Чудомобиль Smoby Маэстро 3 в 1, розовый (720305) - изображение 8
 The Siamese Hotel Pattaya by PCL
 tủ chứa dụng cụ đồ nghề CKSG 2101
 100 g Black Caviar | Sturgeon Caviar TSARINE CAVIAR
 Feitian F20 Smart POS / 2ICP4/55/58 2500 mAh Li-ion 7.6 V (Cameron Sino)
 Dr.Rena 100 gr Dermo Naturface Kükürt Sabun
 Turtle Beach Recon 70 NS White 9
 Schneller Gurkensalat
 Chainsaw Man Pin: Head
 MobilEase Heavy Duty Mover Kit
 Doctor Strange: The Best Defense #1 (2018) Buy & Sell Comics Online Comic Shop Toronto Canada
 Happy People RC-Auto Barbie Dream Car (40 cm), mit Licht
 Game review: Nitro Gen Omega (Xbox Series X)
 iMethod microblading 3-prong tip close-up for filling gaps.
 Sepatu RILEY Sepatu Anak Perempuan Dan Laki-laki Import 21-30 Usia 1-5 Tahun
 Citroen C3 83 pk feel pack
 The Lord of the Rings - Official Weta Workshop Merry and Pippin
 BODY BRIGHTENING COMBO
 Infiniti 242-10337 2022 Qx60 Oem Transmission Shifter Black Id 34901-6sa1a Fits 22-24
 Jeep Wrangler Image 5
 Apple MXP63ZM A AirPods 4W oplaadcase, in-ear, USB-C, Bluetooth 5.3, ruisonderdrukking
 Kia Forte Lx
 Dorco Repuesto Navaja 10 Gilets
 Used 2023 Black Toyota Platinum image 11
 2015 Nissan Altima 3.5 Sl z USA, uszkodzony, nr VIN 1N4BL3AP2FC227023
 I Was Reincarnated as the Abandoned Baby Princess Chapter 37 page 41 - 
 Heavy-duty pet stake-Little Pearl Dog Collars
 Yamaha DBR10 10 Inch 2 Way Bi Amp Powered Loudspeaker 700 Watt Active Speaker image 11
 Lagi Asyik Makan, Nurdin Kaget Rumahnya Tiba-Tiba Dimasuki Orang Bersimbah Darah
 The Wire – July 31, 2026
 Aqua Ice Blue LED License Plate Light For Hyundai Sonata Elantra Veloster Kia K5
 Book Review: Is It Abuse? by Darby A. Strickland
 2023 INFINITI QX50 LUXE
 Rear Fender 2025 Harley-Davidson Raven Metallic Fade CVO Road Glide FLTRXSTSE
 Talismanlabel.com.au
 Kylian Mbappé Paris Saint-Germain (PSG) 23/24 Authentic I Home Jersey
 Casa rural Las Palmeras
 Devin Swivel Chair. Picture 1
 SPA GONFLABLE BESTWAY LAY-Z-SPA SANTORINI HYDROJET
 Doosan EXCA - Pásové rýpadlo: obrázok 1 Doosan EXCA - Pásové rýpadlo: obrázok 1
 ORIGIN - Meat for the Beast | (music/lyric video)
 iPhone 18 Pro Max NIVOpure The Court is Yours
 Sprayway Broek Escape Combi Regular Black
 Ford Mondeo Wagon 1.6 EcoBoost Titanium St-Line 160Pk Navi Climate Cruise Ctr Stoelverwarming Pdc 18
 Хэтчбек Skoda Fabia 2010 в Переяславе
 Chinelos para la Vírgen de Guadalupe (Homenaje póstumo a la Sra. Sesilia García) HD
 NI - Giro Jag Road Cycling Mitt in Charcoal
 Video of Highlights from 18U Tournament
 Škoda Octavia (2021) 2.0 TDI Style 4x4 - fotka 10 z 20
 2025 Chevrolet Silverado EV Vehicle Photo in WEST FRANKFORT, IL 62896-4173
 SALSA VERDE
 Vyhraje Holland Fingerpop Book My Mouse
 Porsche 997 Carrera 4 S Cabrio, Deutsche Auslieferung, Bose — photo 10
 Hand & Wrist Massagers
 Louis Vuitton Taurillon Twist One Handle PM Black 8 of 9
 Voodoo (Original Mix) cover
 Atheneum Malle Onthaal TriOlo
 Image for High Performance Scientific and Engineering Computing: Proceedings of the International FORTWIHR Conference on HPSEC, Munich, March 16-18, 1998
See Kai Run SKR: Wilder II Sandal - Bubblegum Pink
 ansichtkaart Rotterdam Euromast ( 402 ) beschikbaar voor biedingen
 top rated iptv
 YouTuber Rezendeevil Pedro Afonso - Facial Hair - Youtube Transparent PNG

◇ ◇ ◇ ◇

Repeat, character for character, the lines of the material above from the line with "SALSA VERDE" through the line with "See Kai Run".

 SALSA VERDE
 Vyhraje Holland Fingerpop Book My Mouse
 Porsche 997 Carrera 4 S Cabrio, Deutsche Auslieferung, Bose — photo 10
 Hand & Wrist Massagers
 Louis Vuitton Taurillon Twist One Handle PM Black 8 of 9
 Voodoo (Original Mix) cover
 Atheneum Malle Onthaal TriOlo
 Image for High Performance Scientific and Engineering Computing: Proceedings of the International FORTWIHR Conference on HPSEC, Munich, March 16-18, 1998
See Kai Run SKR: Wilder II Sandal - Bubblegum Pink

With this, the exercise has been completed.